De avond was vol paringsdansen – wat konden ons die Belgen schelen, de film was al een hit – waarbij Jeroens vrouw Maarten ‘het hof maakte’, zoals hij dat heel diplomatiek in ons recente telefoongesprek verwoordde. De climax ontvouwde zich in de lift van het hotel ver na middernacht. Jeroen duwde zijn vrouw uit de lift om met Maarten mee te gaan naar zijn kamer, en de jonge Martha nodigde mij uit om met haar mee te gaan. Jeroens vrouw was echter zo onsamenhangend dat Maarten haar via de trappen bij Jeroens kamer een paar verdieping hoger weer afleverde. Dat schijnt wel enige tijd geduurd te hebben en wat er op die trappen en gangen allemaal gebeurd is zal hopelijk ooit door Maarten beschreven worden.
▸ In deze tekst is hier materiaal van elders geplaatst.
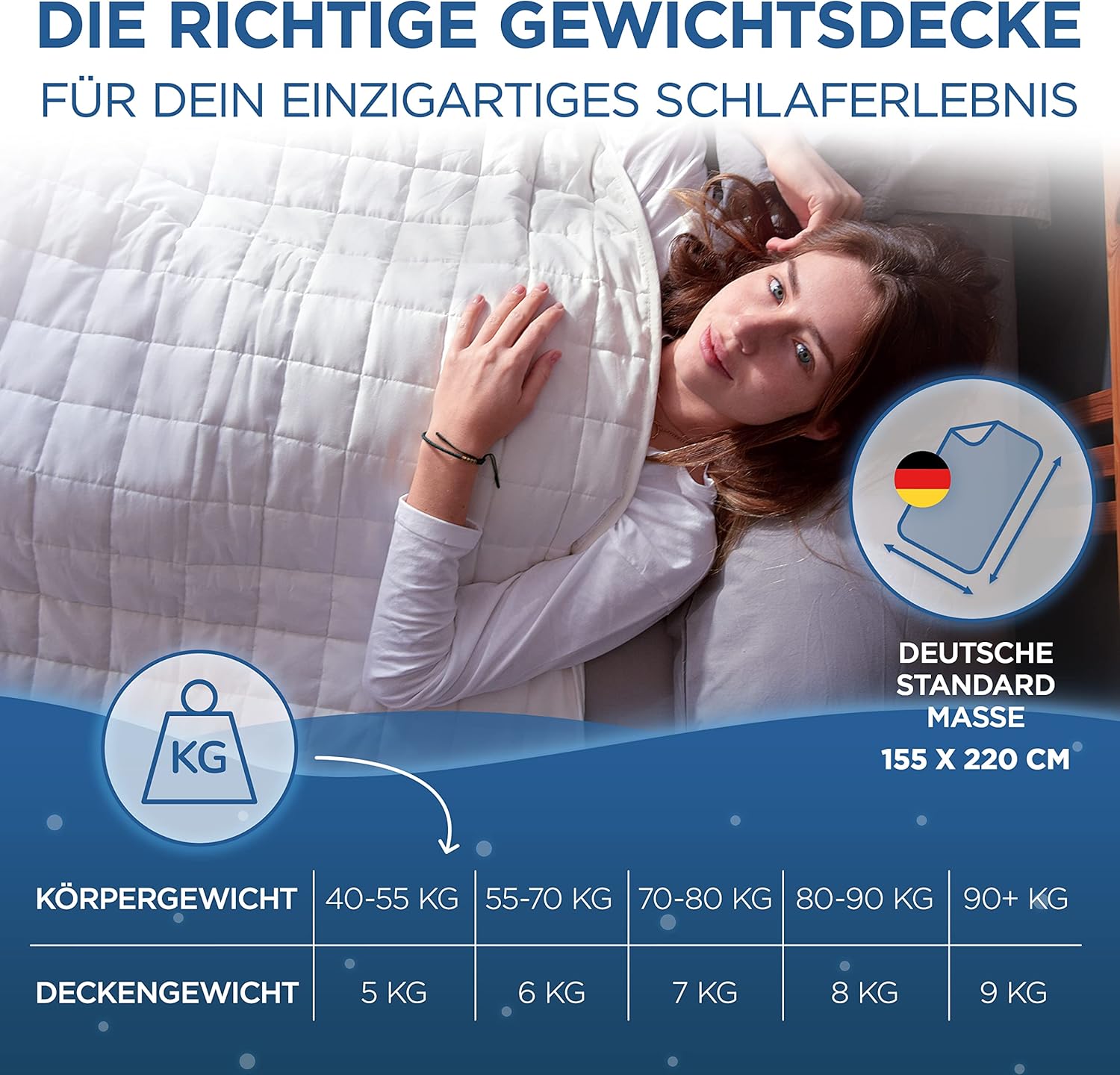 Samthus Gewichtsdecke 155 x 220 cm, 8 kg, Öko-Tex-zertifiziert, Entspannungsdecke, 100 % Baumwolle, schwere Anti-Stress- & Therapiedecke, besser schlafen mit unserer schweren Bettdecke, Gewichtsdecke – Bild 2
En de jonge Martha begon op haar kamer meteen de reproducties en schilderijen opzij te duwen om er met een dikke viltstift schuttingwoorden achter te schrijven. Dat was voor mij genoeg om vroegtijdig de kamer te verlaten.

De volgende dag spraken Maarten en ik af dat Antwerpen het einde vertegenwoordigde van onze Regenwulpen-afleidingen. Het was tijd om weer aan de toekomst te werken.

Iemand vroeg me onlangs: ‘Zou je Regenwulpen nu weer willen maken?’ Uit nieuwsgierigheid heb ik het boek opnieuw gelezen. Het is nog steeds een verbluffend prachtig boek. Maarten toonde een veel dieper inzicht in relaties en menselijke beweegredenen dan de film in mijn herinnering weergaf. Dat zou ik nu, ouder en wijzer, beter kunnen. Als je de film nu zou maken, zou je nog steeds de structuur van het verhaal moeten veranderen. Echter de diepere thematiek in het boek, de invloed van een calvinistische jeugd, is verdwenen uit het centrum van ons collectief bewustzijn, en een nieuwe film, zelfs al zou het een betere film zijn, zou niet meer dezelfde impact hebben.

Na het lezen van het boek heb ik de film in mijn eentje in mijn home cinema opnieuw bekeken. De film houdt uitstekend stand en is een uniek tijdsdocument. Het rare is dat de film perfect past in het tijdsgewricht van zo’n dertig jaar geleden, en toch op een bizarre manier niet verouderd is. De kern van de film is dat vrije wil bestaat, en predestinatie niet. Al die zorgen over de oorsprong van het succes waren misplaatst. De film heeft een duidelijke signatuur.

Het boek Een vlucht regenwulpen verdient een ereplaats in de Nederlandse literatuur en de film verdient dat evenzeer in de vaderlandse cinema.

Dank je wel Maarten, voor je prachtige boek.